#### Aim of the task
Without the pictures, output the records below exactly as they are.

#### Records provided
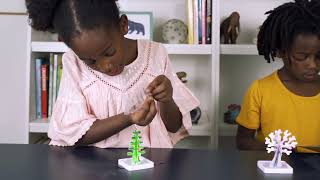 NATIONAL GEOGRAPHIC Crystal Forest Growing Kit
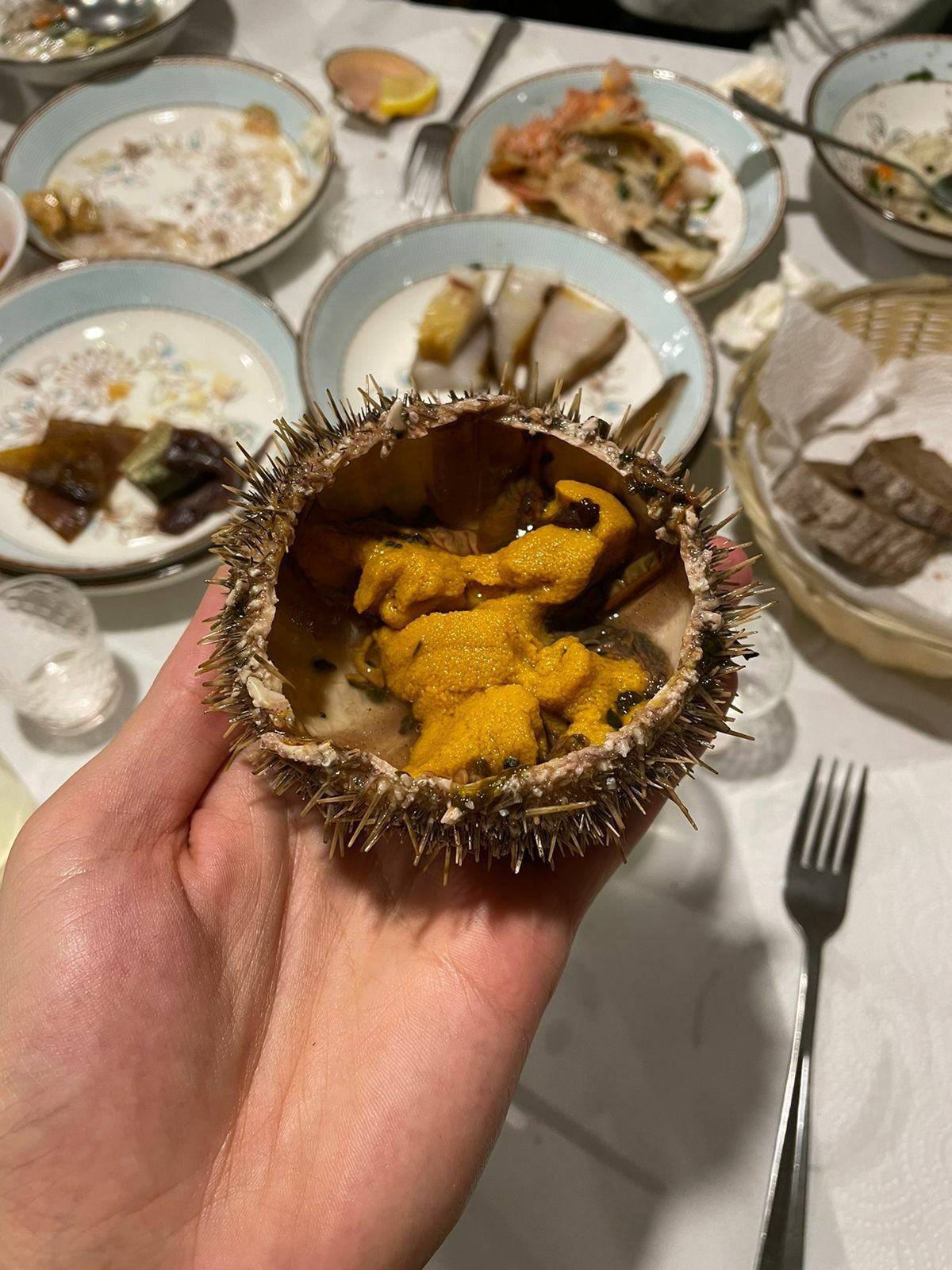 В Поисках Сияния: Мурманск - Кировск  - Териберка -  Саамы (24/38)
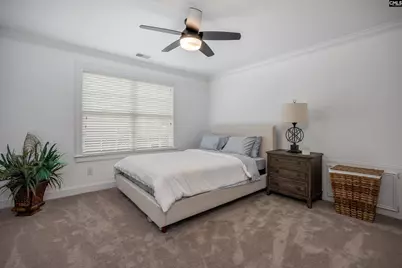 441 Oxenbridge Way, Chapin, SC 29036 - Photo 29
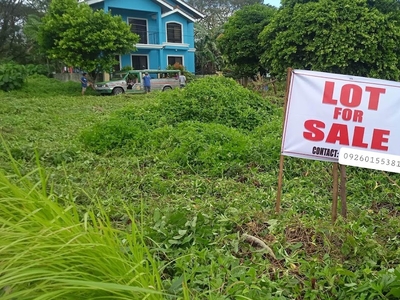 RUSH SALE! Corner Lot for Sale in Camella Savannah Iloilo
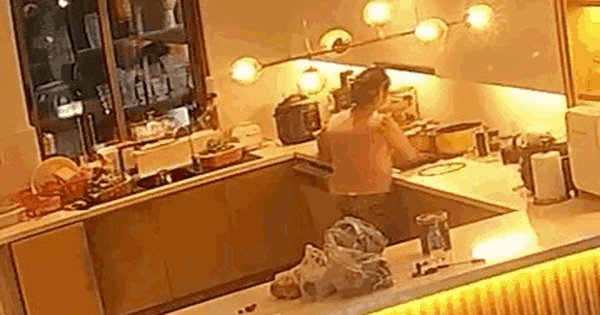 Giúp việc vắt nước giẻ lau vào nồi nước của gia chủ: Một vụ việc, nhiều cảnh tỉnh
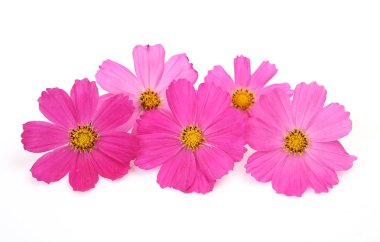 Beyaz arkaplanda pembe çiçekler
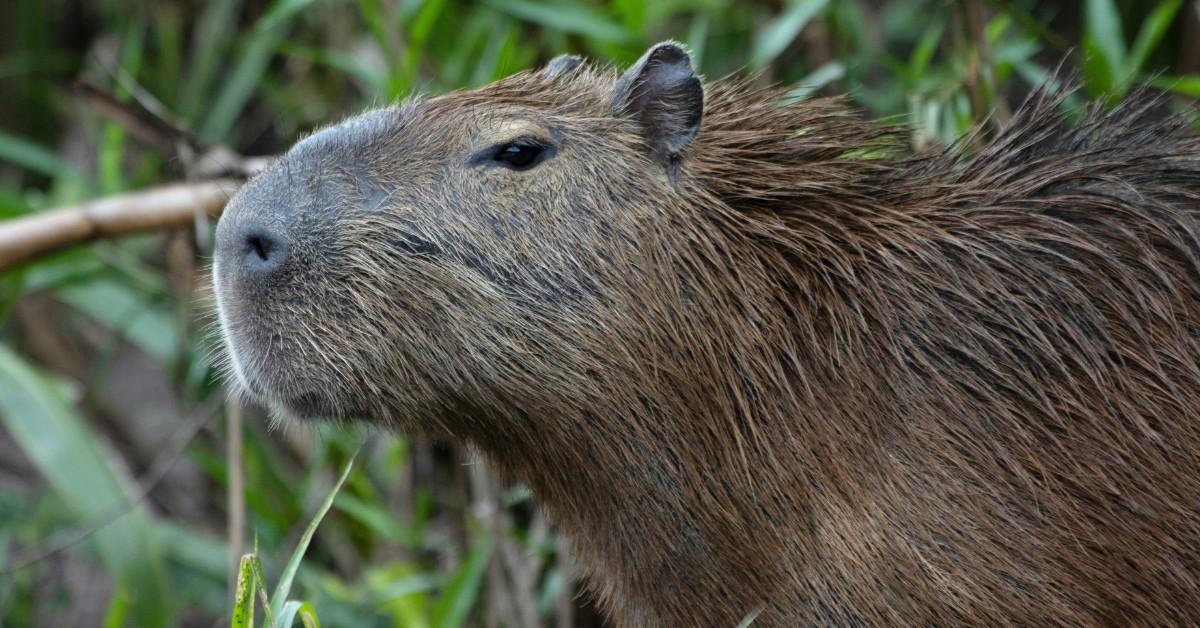 A closeup of a Capybara as it stands among blades of grass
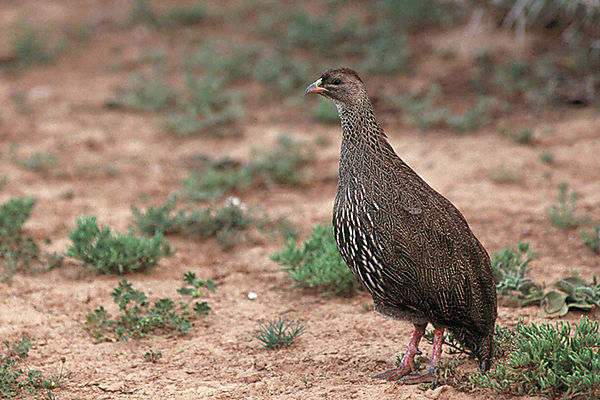 Unidentified Grouse Or Francolin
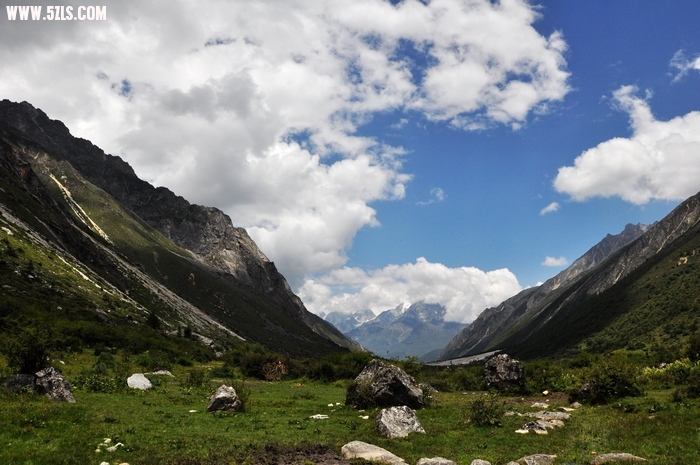DSC_0352-1.jpg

#### Task answer
 NATIONAL GEOGRAPHIC Crystal Forest Growing Kit
 В Поисках Сияния: Мурманск - Кировск  - Териберка -  Саамы (24/38)
 441 Oxenbridge Way, Chapin, SC 29036 - Photo 29
 RUSH SALE! Corner Lot for Sale in Camella Savannah Iloilo
 Giúp việc vắt nước giẻ lau vào nồi nước của gia chủ: Một vụ việc, nhiều cảnh tỉnh
 Beyaz arkaplanda pembe çiçekler
 A closeup of a Capybara as it stands among blades of grass
 Unidentified Grouse Or Francolin
DSC_0352-1.jpg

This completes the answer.